Artbooks, Film

Künstlerbiografien und Bandgeschichten

Die 67. Berlinale eröffnet heute Abend mit Etienne Comars Biopic »Django«. Der Verfilmung des Lebens des französischen Künstlers Django Reinhardt, der als Vorreiter des europäischen Jazz gilt, steht im Wettbewerb eine Dokumentation von Joseph Beuys gegenüber. Andere Beiträge widmen sich dem Schweizer Maler Alberto Giocometti, der kanadischen Künstlerin Maud Lewis, der elektronischen Pionierformation Tangerine Dream und der britischen Alternative-Band Wolf Alice.

Django

© Roger Arpajou
© Roger Arpajou

Frankreich 1943, zur Zeit der deutschen Besatzung.

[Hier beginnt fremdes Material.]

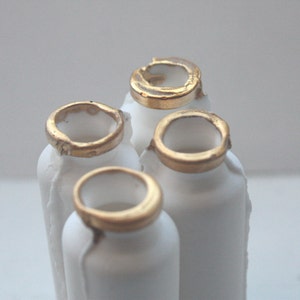 Small white bottle with gold finish from bone china. image 3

Jeden Abend begeistert der Gitarrist und Komponist Django Reinhardt mit seinem Gypsy Swing die Pariser Zuhörer, eine Musik voller Lebenslust und Witz. Während viele andere Sinti aus rassischen Motiven verfolgt und in Konzentrationslagern umgebracht werden, wiegt sich Django aufgrund seiner Popularität in Sicherheit. Bis ihn Vertreter des NS-Propagandaapparats auffordern, auf Tournee nach Deutschland zu gehen, um gegen die US-amerikanische »Negermusik« anzuspielen. Django Reinhardt weigert sich. Eine Pariser Verehrerin hilft ihm, seiner schwangeren Frau und seiner Mutter unterzutauchen und in ein Dorf in der Nähe der Schweizer Grenze zu gelangen. Hier trifft er auf Mitglieder seiner weitverzweigten Familie, die ebenfalls auf der Flucht sind. Als er mit Frau und Mutter über den Genfer See zu kommen versucht, sind ihm die Nazis dicht auf den Fersen. In seinem Regiedebüt porträtiert Etienne Comar einen unkonventionellen Künstler und Freigeist, dessen Leben so improvisiert ist wie seine Musik. Vor die Frage gestellt, ob er seine Kunst politisch missbrauchen lässt, muss er eine existentielle Entscheidung treffen.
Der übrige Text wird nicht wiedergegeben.